His philosophy on life is to "Live life to the fullest, yet remain unattached to the outcome."

==Bibliography==
Books and selected articles by John James:
- James, John (1979–81), The contractors of Chartres, 2 vols., West Grinstead: Wyong.
- James, John (1984), "An investigation into the uneven distribution of churches in the Paris Basin, 1140-1240", Art Bulletin, lxvi, 13–46.
- James, John (1989), The Template-makers of the Paris Basin, West Grinstead: Leura.
- James, John (1990) The master masons of Chartres, Routledge: London, NY, Chartres and Sydney.
- James, John (1992), "Evidence for flying buttresses before 1180", Journal of the Society of Architectural Historians, li, 261–287.
- James, John (1994), Notes to Transformation, West Grinstead: Leura.
- James, John (2002), The Creation of Gothic Architecture - an Illustrated Thesaurus: The Ark of God, vols 1–2, Part A: "The Evolution of Foliate Capitals in the Paris Basin 1170 to 1250", West Grinstead: London and Hartley Vale.
- James, John (2005), "The peaked arch, and the earliest domical rib vaults in the Paris Basin", Avista Forum Journal, xv, 3–7
- James, John (2006) The Creation of Gothic Architecture - an Illustrated Thesaurus: The Ark of God, vol 3: "The Evolution of Foliate Capitals in the Paris Basin: the archaic capitals prior to 1130", West Grinstead: London and Hartley Vale.

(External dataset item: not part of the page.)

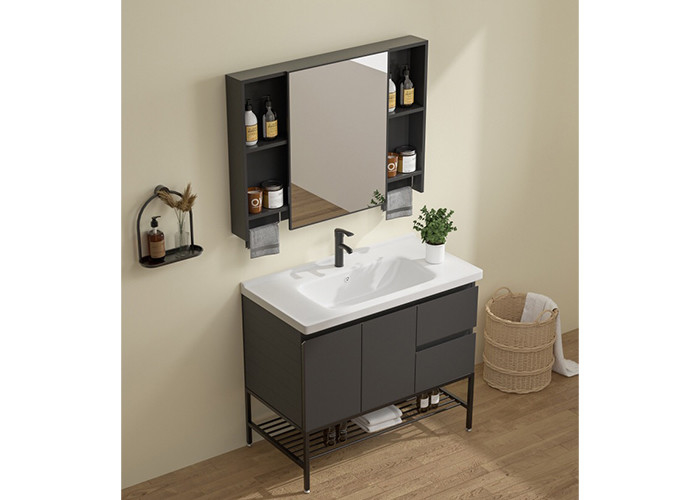 Acrylendbadezimmer-Eitelkeits-Einheits-Kabinett-Normallack mit Fach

- James, John (2007), The Great Field, Soul at play in a conscious universe, Energy Press,
- James, John (2007), In Search of the unknown in medieval architecture, London: Pindar Press.
- James, John (2008), The Creation of Gothic Architecture - an Illustrated Thesaurus: The Ark of God, vols. 4 and 5: "The Evolution of Foliate Capitals in the Paris Basin: the formal capitals 1130 to 1170", West Grinstead: London and Hartley Vale.
- James, John (2014), "Boundaries that delineate periods in art-history between 1090 and 1180" Avista Forum Journal, XXII 23–46.